L'écrivain breton Jacques Cambry (1749-1807).

En Bretagne, les légendes de lavandière de nuit sont attestées par Jacques Cambry dès le XVIIIe siècle dans son chapitre consacré au district de Morlaix :

« Les laveuses ar cannerez nos, (les chanteuses des nuits) qui vous invitent à tordre leurs linges, qui vous cassent le bras si vous les aidez de mauvaise grace, qui vous noyent si vous les refusez, qui vous portent à la charité ; etc. etc.[10] »

De nombreux récits ont été collectés durant les XIXe et XXe siècles, elles sont nommées en breton ar c’hannerezed-noz, ar c’houerezed-Noz ou ar vaouez o welc’hin[5]. Les récits tardifs qui nous sont parvenus ne permettent pas d'affirmer que ces lavandières ont la même origine que les bean nighe du folklore irlandais et écossais.

Selon les légendes bretonnes, les lavandières sont des revenantes dont le nom est connu de tous (parfois habillées de blanc, des dames blanches) ou bien ce sont des êtres surnaturels anonymes qui apparaissent sous une forme humaine. Les lavandières portent souvent le costume traditionnel de la région. Elles sont généralement solitaires, avec un visage effrayant et généralement douées d'une grande force ou agilité. Selon les légendes, elles restent silencieuses ou bien s'adressent au passant, lui demandant parfois de l'aide pour essorer son linge. Elle est rencontrée durant l'année le soir ou en pleine nuit dans des lieux connus (lavoir, bord d'un ruisseau), parfois durant les nuits de pleine lune, parfois seulement la veille de la fête des morts (Toussaint)[5].

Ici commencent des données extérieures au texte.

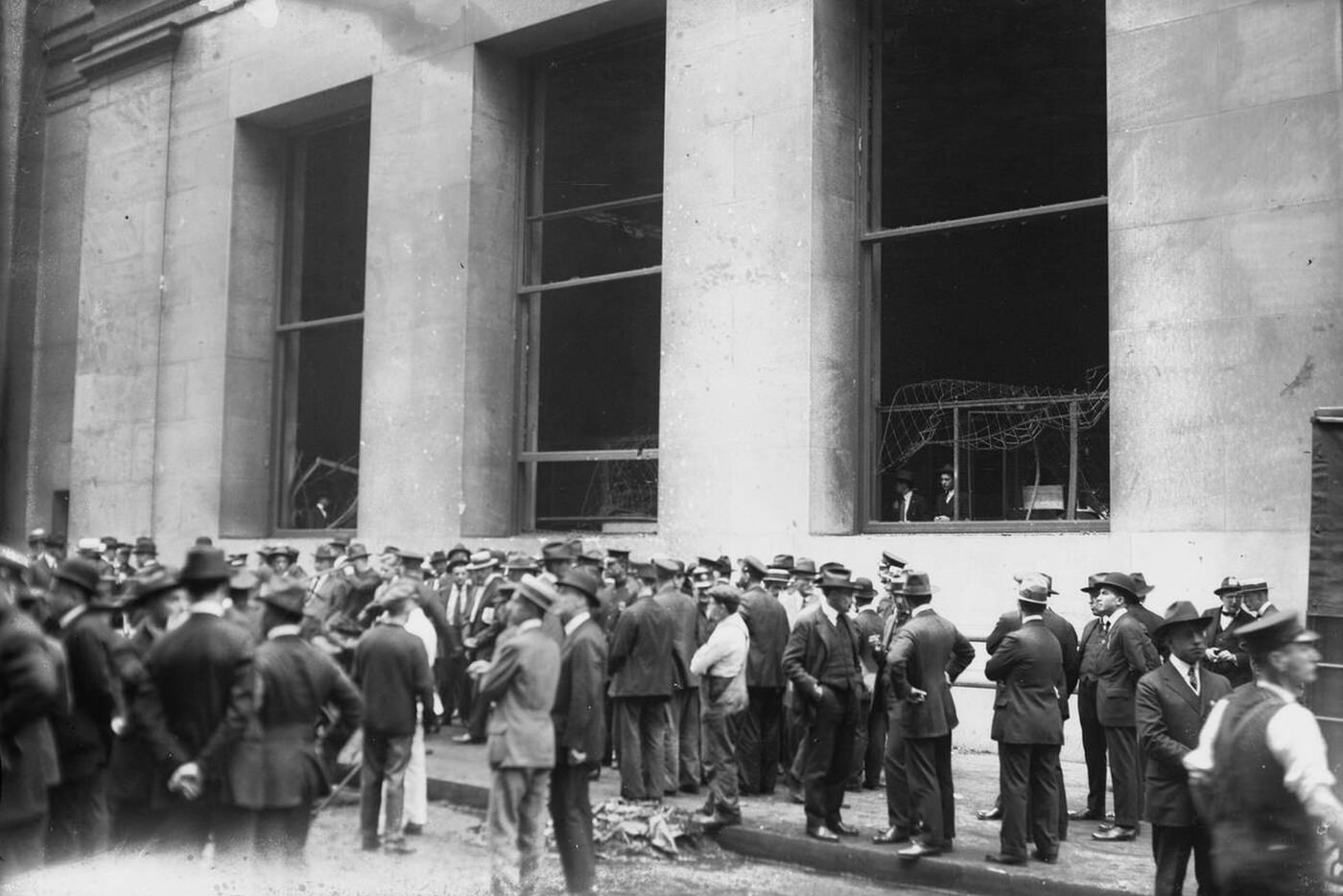 Men standing after the Wall Street bombing, New York City, 1920.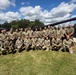 A group of approximately 25 military personnel in U.S. Army OCP (Operational Camouflage Pattern) uniforms pose for a formal group photograph on a grass lawn. They are arranged in two rows — a kneeling front row and a standing back row — in front of what appears to be a static display military tank or artillery piece. The setting appears to be a military installation or armory, likely during a training event or unit gathering.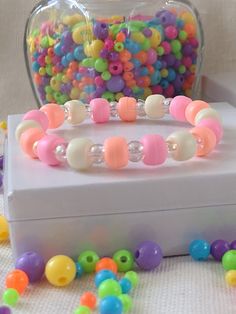 there is a box with some beads on it and a glass jar full of colorful beads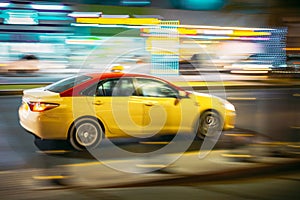 Speeding Taxi Car Fast Driving In City Street. Motion Blur Background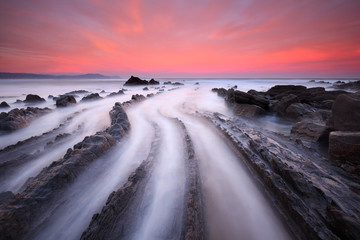 Amazing sunrise over rock formation at Barrika beach (Biscay, Basque Country)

Dans de rares légendes, la lavandière annonce la mort par sa rencontre (mauvais présage) ou bien par des paroles. Mais dans la plupart des récits collectés aux XIXe et XXe siècles, les légendes de lavandière s'inscrivent dans une signification avant toute morale, fortement teintée par les préceptes chrétiens : la lavandière est ainsi décrite comme une revenante qui fait pénitence pour sa mauvaise conduite passée (péchés), condamnée à la rude tâche du nettoyage en frottant pendant des heures un linge[5].

Les motifs d'expiation des péchés sont variés : veuve qui a enseveli son mari dans un linceul sale, morte qui a été ensevelie dans un linceul sale, mère infanticide, enfants morts avant le baptême, femme qui lavait le linge le dimanche, lavandière malveillante ou de mauvaise réputation[5]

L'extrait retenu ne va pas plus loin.